ACCIDENT and Loss of LIFE
We regret to record the particulars of an accident which occurred about Noon on Sunday, the 28, in Delmar Twp., by which a young man of extraordinary promise and genius lost his life.
Alfred Copestick, whose name and works are known to the lovers of art in Philadelphia and New York, and elsewhere, has been in Delmar on a visit to his father Mr. Charles Copestick, for two or three weeks past. On the day of his death he went into the woods to shoot pigeons. He had shot one, reloaded his gun and stood talking with two young friends who accompanied him. He stood upon a log leaning upon his gun, which it is supposed, slipped off the log, striking against the hammer, breaking off the thumb piece and causing its discharge. The shot entered the heart in the left side passing upward and obliquely to the right shoulder. He lived about half an hour, and died where he fell, surrounded by those who loved him.
The deceased although 22 years of age had already won for himself honorable distinction and his picture "Head Waters of the Juniata" at the exhibition in New York last winter, was praised by the best art critics. His untimely fate will be lamented by all who knew him; and those who knew him not, cannot but regret that one so promising should then be cut down in the flower of youth.
"The Wellsboro Agitator". Vol VI. 1 Sep. 1856 No.5. ----------------------------------------------------------------------
Obituary
We briefly mentioned in a former number the premature death of Alfred Copestick, a promising young artist of our city, who was killed on the 28th of August last, by the accidental explosion of his fowling piece, while on a visit to his father's house in Wellsboro, Tioga County; but we were unable at the time to obtain any particulars. Though the kindness of a mutual friend,- Mr. Orr, the well known engraver- we are now enabled to give a brief sketch of his life, the first occasion that such a mournful service has been demanded of us since we have assumed the "World of Art."

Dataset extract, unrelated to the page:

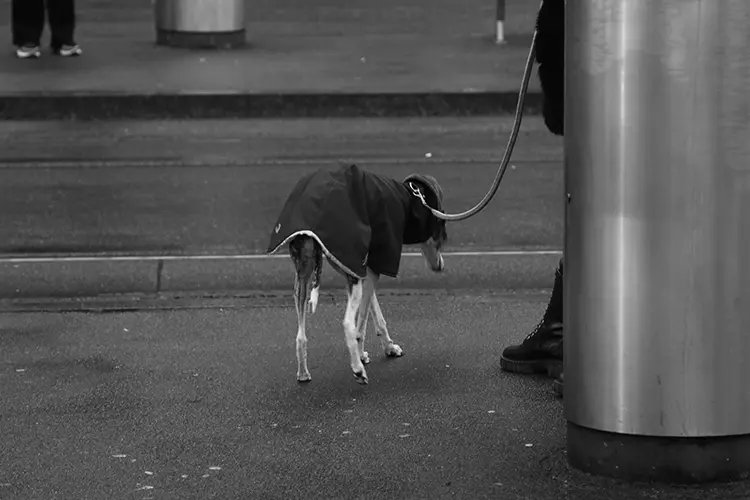 Fotografie Langstrasse 160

Little is known of this promising young artist, even by his most intimate friends; singularly exclusive in his habits, remarkably taciturn and retiring in disposition, he devoted himself exclusively to his profession, and had already made considerable progress, although he was but twenty two years of age at the time of his decease.
Self taught in art, he had admirably won the meed of public praise by his woodland sketches, and paintings of the marine genre, which are the more remarkable as he had no other opportunity of studying the various phases of the sea than by occasional trips to Coney Island, or places on the neighboring shores. An admirable painting of a wreck stranded upon the shore, was exhibited at the Academy of Design last year, and is now in the possession of his father. The original study of this fine picture may now be seen in the artist's deserted studio, adjoining Mr. Orr's engraving office, No.52 John Street; where may also be seen some woodland studies of correct drawing and fine tinting, testifying that a few more years such studious application
(Copied from original newspaper clipping. No name or date the print is unlike any in the local Wellsboro paper. The rest or the obit is missing where it appears to have been cut off. Maybe this was the last line).